I was listening to the ever bullish Larry Kudlow in New York a couple of weeks ago and he was saying that he believed the housing recession was over-blown and really limited to a few specific areas. No doubt Larry lives in a bit of a bubble, but one has to wonder how (or why) an economist could espouse this optimistic belief despite the hard cold data. Today we got the next instalment in the Case-Schiller housing Index showing us house price results to the end of March 2008.
A few months back I noted that the accelerating pace of house price declines suggested this Index would be “off scale” by the time we received the March-April data. This month the lower scale was infact extended to -16% in order to accomodate the read below the previous bottom of -15.
The decline in the S&P/Case-Shiller Composite-20 house price index accelerated once again in March to a 14.4% Y/Y drop, from a 12.7% Y/Y drop in February.

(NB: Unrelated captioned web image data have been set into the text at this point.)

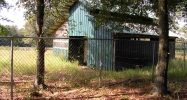 89870 Us Hwy 278 Altoona, AL 35952 - Image 7229761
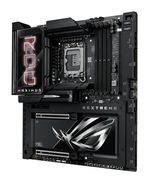 ASUS-ROG-MAXIMUS-Z890-EXTREME-Intel-Z890-LGA-1851--Socket-V1--ATX-esteso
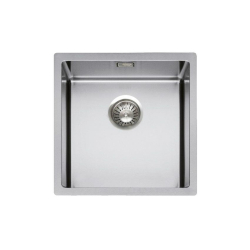 &Eacute;vier Pure R12 Poli avec Accessoires - RTA-0440-841 - Linum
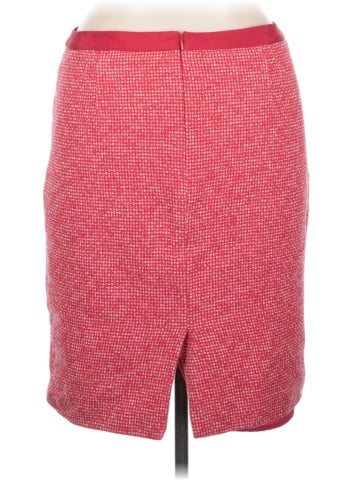 Boden Casual Skirt (view 2)
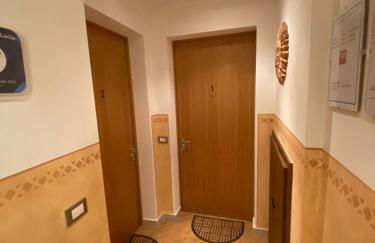 Appartamenti Lucia - Foto 2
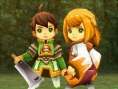 FFCC : Ring of Fates au Jump Festa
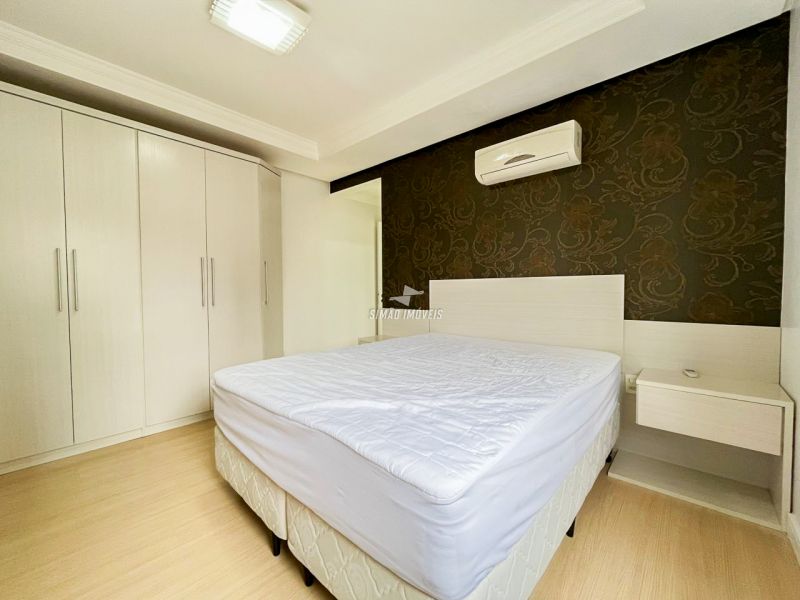 Apartamento 3 quartos  em ERECHIM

The Composite-10 index dropped even more from -13.5% Y/Y in February to -15.3% Y/Y in March.
19 of the 20 metro areas in the US reported annual price declines with six of the areas now at negative rates exceeding -20%. Charlotte, NC was the only major city to avoid year over year price declines, with home prices up there 0.8% on a year-ago basis.
Evaporating equity along with negative savings, soaring energy prices, and softening labour markets are all taking a significant toll on consumer sentiment.
This morning we learned that The U.S. Conference Board's measure of consumer confidence fell from 62.8 in April to 57.2 in May, which is its lowest level since 1992
While the present situation index fell from 81.9 to 74.4 this month. The expectations index is now sitting at 45.7, its lowest level since 1973.
The labour component of the survey noted that the balance of opinion between jobs plentiful and jobs hard to get deteriorated further from -10.8 in April to -11.7 in May, Along with rising jobless claims this means that we will likely see an upward jump in the May unemployment rate.
One-year-ahead inflation expectations continued to increase, jumping from 6.8% in April to 7.7% in May, as consumers struggle with the magnitude of energy cost spikes.